Surmounting many obstacles, Surjit is able to arrange the marriage of Kamla with her childhood sweetheart. With the help of a benevolent police force and the Judge, he is also able to thwart the many attempts of the landlord to seize the family's land, and that of other villagers who have mortgaged their land with the same landlord. Malti however, is unable to forgive Surjit for having killed her husband.

Things take a dramatic turn for the worse when Surjit is framed and arrested for the accidental death of Phoolmati's drunk grandfather. At the same time, the landlord covertly sets the harvest, produced by Surjit and other villagers, on fire. He then has Phoolmati kidnapped, primarily to punish Surjit. Malti, who has been working in one of the landlord's saw mills thinking he is an honourable man, witnesses his misdeeds, and finally realizes her mistake. She is able to rescue Phoolmati, but gets trapped by the landlord instead, who attempts to rape her. Meanwhile, Surjit stages an escape from his holding cell and with the help of Phoolmati, is able to come to Malti's rescue in the nick of time. He confronts the landlord and violently assaults him. The police show up and arrest the landlord for his role in defrauding the villagers and destroying their harvest.

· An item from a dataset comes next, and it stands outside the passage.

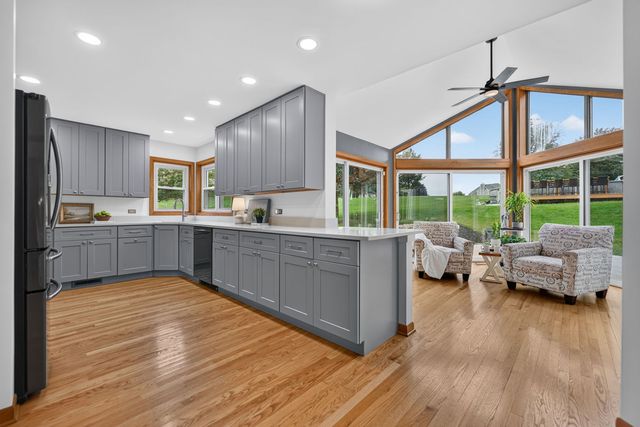 45W169 Hillview Lane, Hampshire, IL 60140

Ram Din's family finally accept Surjit as one of their own, and arrange his marriage to Phoolmati. In a final twist though, his two years' imprisonment is complete, and the Police arrive to escort him back to town. He pleads with the Judge to let him serve a life sentence, and the Judge smiles, vindicated that his experiment has been successful.

==Cast==
- Meena Kumari as Malti
- Rajesh Khanna as Surjeet Singh
- Mumtaz as Phoolmati
- Naaz as Kamala
- Abhi Bhattacharya as Police Inspector
- Asit Sen as Head Constable Harishankar Chaurasiya
- Rehman as Judge
- Anwar Hussain as Timber Merchant
- Sajjan as Nainsukh
- Kanhaiyalal as Durga Prasad
- Nana Palsikar as Gangadin
- Leela Mishra as Mrs. Gangadin
- K. N. Singh as Public Prosecutor Saxena
- Ramayan Tiwari as Nana
- Murad as Supreme Court Judge
- Johnny Walker as Palmist
- Bindu as Chameli Bai
- Marutirao Parab as Barber
- Narbada Shankar as Panditji

==Remakes==

| Year | Film | Language | Ref. |
|---|---|---|---|
| 1972 | Needhi | Tamil |  |
| 1974 | Khaidi Babai | Telugu |  |
| 1978 | Maattoly | Malayalam |  |
| 1983 | Hosa Theerpu | Kannada |  |

==Soundtrack==
The Music was composed by Laxmikant Pyarelal and the lyrics were written by Anand Bakshi.
The soundtrack had a rare Qawwali sung by Kishore Kumar which became popular.

| Song | Singer |
|---|---|
| "Vaada Tera Vaada" | Kishore Kumar |
| "Maine Dekha, Tune Dekha, Isne Dekha, Usne Dekha" | Kishore Kumar, Lata Mangeshkar |
| "Balma Sipahiya" | Lata Mangeshkar |
| "Paisa Phenko Tamasha Dekho" | Lata Mangeshkar |

==Awards and nominations==
Rajesh Khanna received a Filmfare nomination for Best Actor, the only one for the film.